The debate over law schools dates back to the Kim Young-sam administration in 1995.
The proposal to adopt a law school system was suggested by the globalization campaign but it was withdrawn due to strong opposition from Korea’s legal community. Since then it has been dogged by controversy.
The proposal has been promoted vigorously by the current administration as a fundamental plank of its platform for reform of the legal system, but it has been held up in the National Assembly for more than one-and-a-half years.
In 2005, when the proposal was first submitted, it was expected that law schools would open their doors for the first time in 2008.
However, we now have to wonder if it will be feasible for them to open by 2009, despite more than 40 universities spending a collective 200 billion won ($215 million) to introduce a law school system.
Now that the Roh administration has emphatically entered its lame duck stage there have been strong doubts over whether the Blue House’s proposal will be accepted by the Assembly.
Some say the proposal has too many problems and they have discussed new alternatives.
The proposal is now close to being endorsed by the Assembly, as a law school system has become inevitable due to the free trade agreement between the United States and Korea.
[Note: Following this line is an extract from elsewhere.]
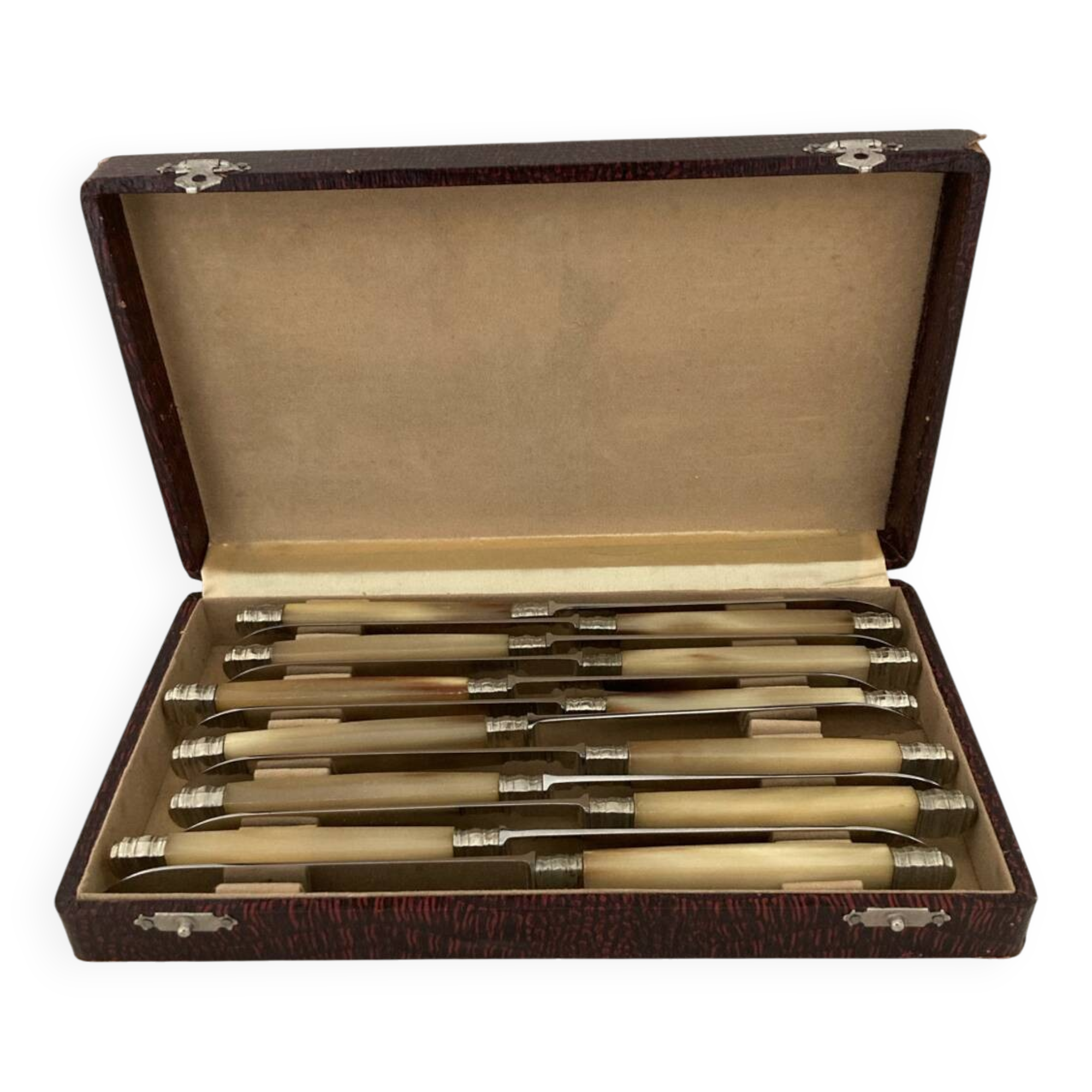Complete Set of 12 Stainless Steel Cheese Knives with Bakelite Handles and Art Deco Ferrules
But the problems within the proposal, exposed during months of controversy, have to be revisited.
The fundamental question is whether the law school system outlined in the current proposal is suitable for our legal process and if it can address the many problems that bedevil our legal education.
It is particularly questionable whether those who are responsible for legal education or those engaged in the legal community can agree with this system. Other systems aside from the American law school system are being discussed, but the core of the issue is what we can learn from the American law school system.
We should not introduce a system that is only superficially similar to the American law school setup. Our new system must address the deeper issues in our legal education and make it possible for law professionals to deal with the opening of the law market. In other words, the bar examinations that ensured only a limited number of students could become lawyers should be transformed into a qualification test that can guarantee we have enough attorneys. But the current proposal does not ensure such a transformation and that is the heart of the issue.
It is also the argument advanced by the deans of private universities who began a hunger strike last week.
Also the legislature has not had a good discussion on the issue. The proposal was sent to the National Assembly in October 2005 after many controversies regarding its final draft.
But the legislative review of the proposal has been delayed so far because of other political issues. While the proposal was being delayed, many doubted it would ever pass through the Assembly. Nonetheless, many universities have competed for the right to have a law school, as if their victory or defeat would determine their survival. Many want a school as a way to transform their future prospects. Despite this quagmire, the opposition Grand National Party has never published a stand on this issue, which invokes many doubts.
If the proposal fails to get passed during this Assembly session, which finishes today, the law school proposal will again be lost, causing consternation among many people.
Citizens should no longer be held responsible for the adoption and implementation of the policy.
Now that the issues and controversies involved with the proposal have become apparent, the National Assembly must reach a rapid conclusion, whatever that may be.

*The writer is a law professor at Sungkyunkwan University.